> **EXTRACTED INFORMATION**
+-------+

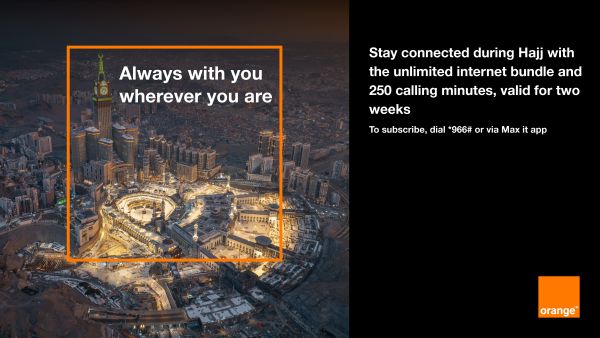 Orange Jordan Offers Two-Week Unlimited Internet for Hajj at JD 15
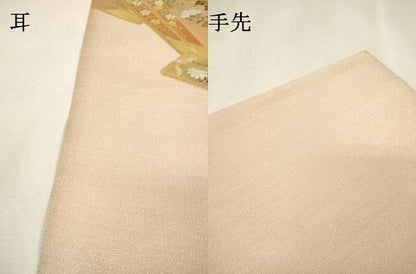 平和屋着物▼太鼓柄袋帯　御所車飛鶴花文　金彩　正絹　逸品　DABL2151fe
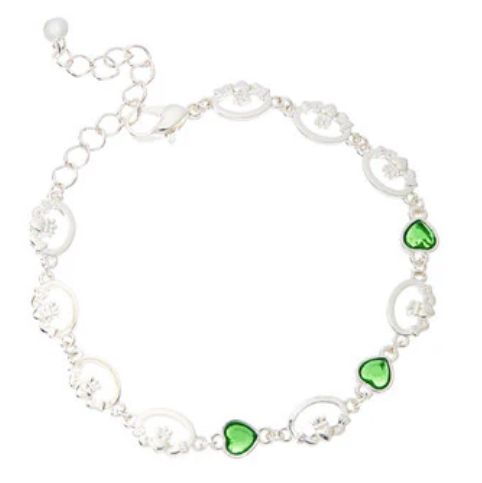 Green Crystal Claddagh Anklet / Bracelet
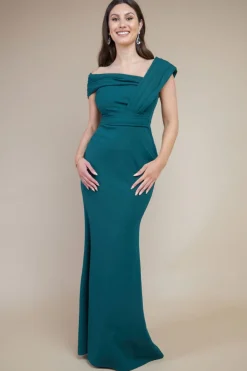 Maxi Dresses^* One Shoulder Scuba Maxi Dress Green Emerald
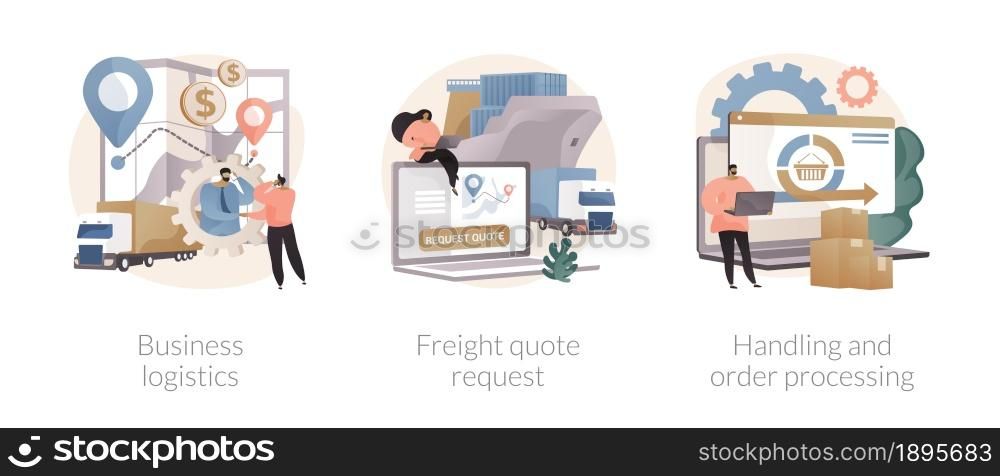 Smart logistics technologies abstract concept vector illustration set. Business logistics, freight quote request, handling and order processing, commercial delivery, documentation abstract metaphor.. Smart logistics technologies abstract concept vector illustrations.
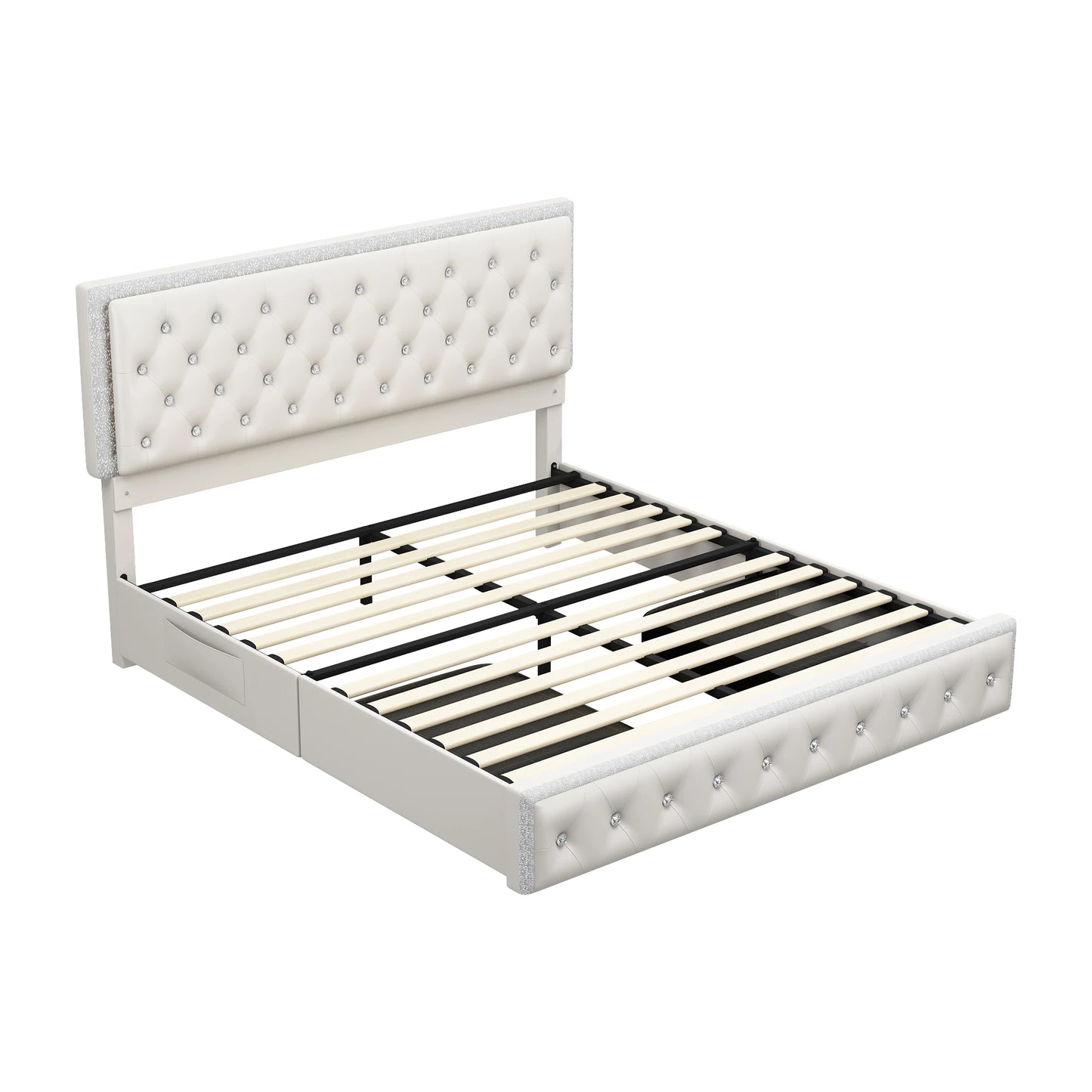 Sibeds Queen Size Bed Frame with LED Lights , King Size with 2 Drawers, Full Bed Crystal Button Tufted Headboard, Solid Slats, Noise Free, No Box Spring Needed, Easy Assembly，PU & Velvet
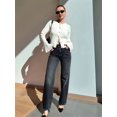 thumbnail image 4 of Chandail Tendance pour Femmes Col Rond Côtelé Crop Bell Manches Longues Ouvert Chemise Automne Blanc P, 4 of 7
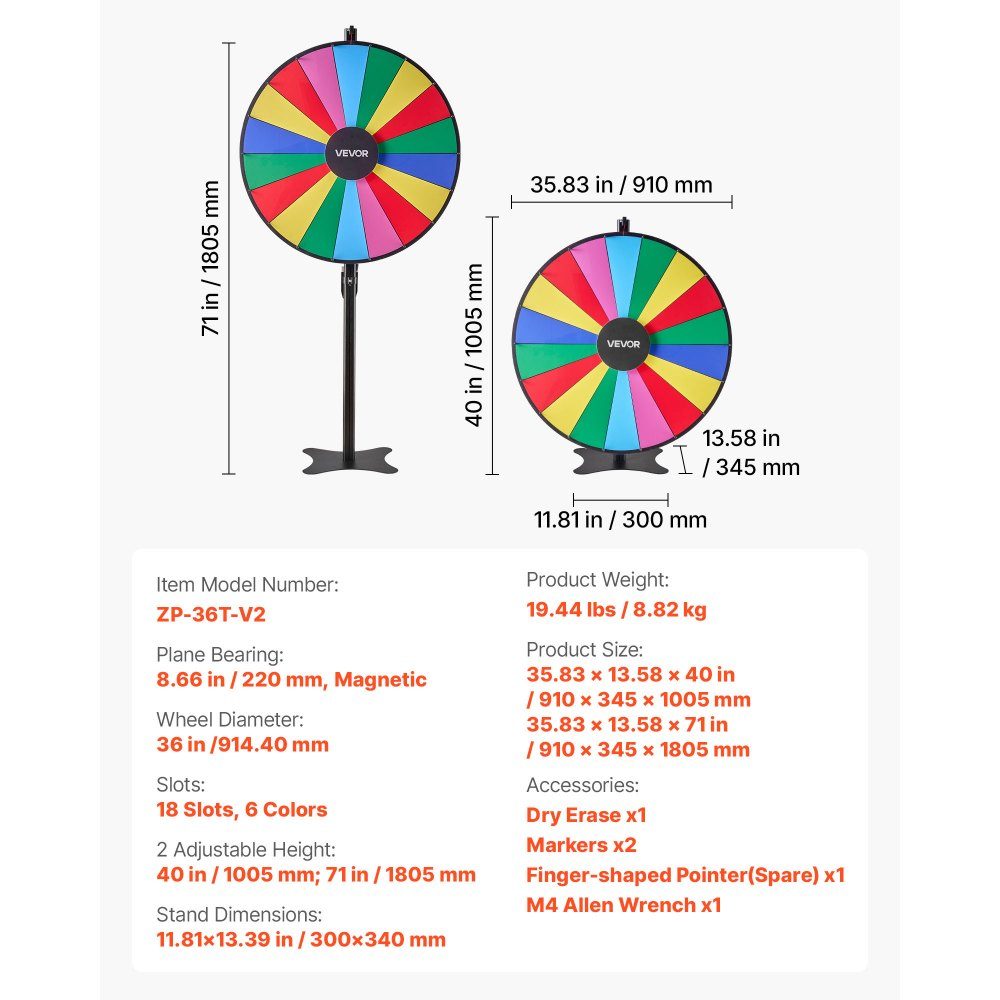 Roue de la Fortune, Roue (914 mm), 18 Compartiments, Roue de la Fortune avec Support, Hauteur Réglable, Jeux de Loterie, Concours, Roulette, avec Tableau Éponge et 2 Marqueurs, 6 Couleurs, Idéal pour Fête, Pub, Foire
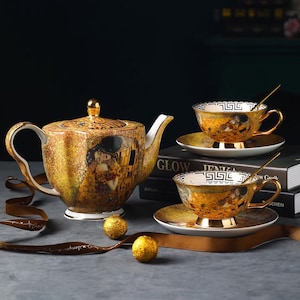 Ręcznie robiony ceramiczny zestaw do kawy: filiżanka do herbaty w stylu retro ze spodkiem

+-------+

Retype the entries above exactly, starting at their first line and ending with the line that holds "concept vector illustrations."; pictures stay out.

> **SOLUTION TO THIS PROBLEM**
 Orange Jordan Offers Two-Week Unlimited Internet for Hajj at JD 15
 平和屋着物▼太鼓柄袋帯　御所車飛鶴花文　金彩　正絹　逸品　DABL2151fe
 Green Crystal Claddagh Anklet / Bracelet
 Maxi Dresses^* One Shoulder Scuba Maxi Dress Green Emerald
 Smart logistics technologies abstract concept vector illustration set. Business logistics, freight quote request, handling and order processing, commercial delivery, documentation abstract metaphor.. Smart logistics technologies abstract concept vector illustrations.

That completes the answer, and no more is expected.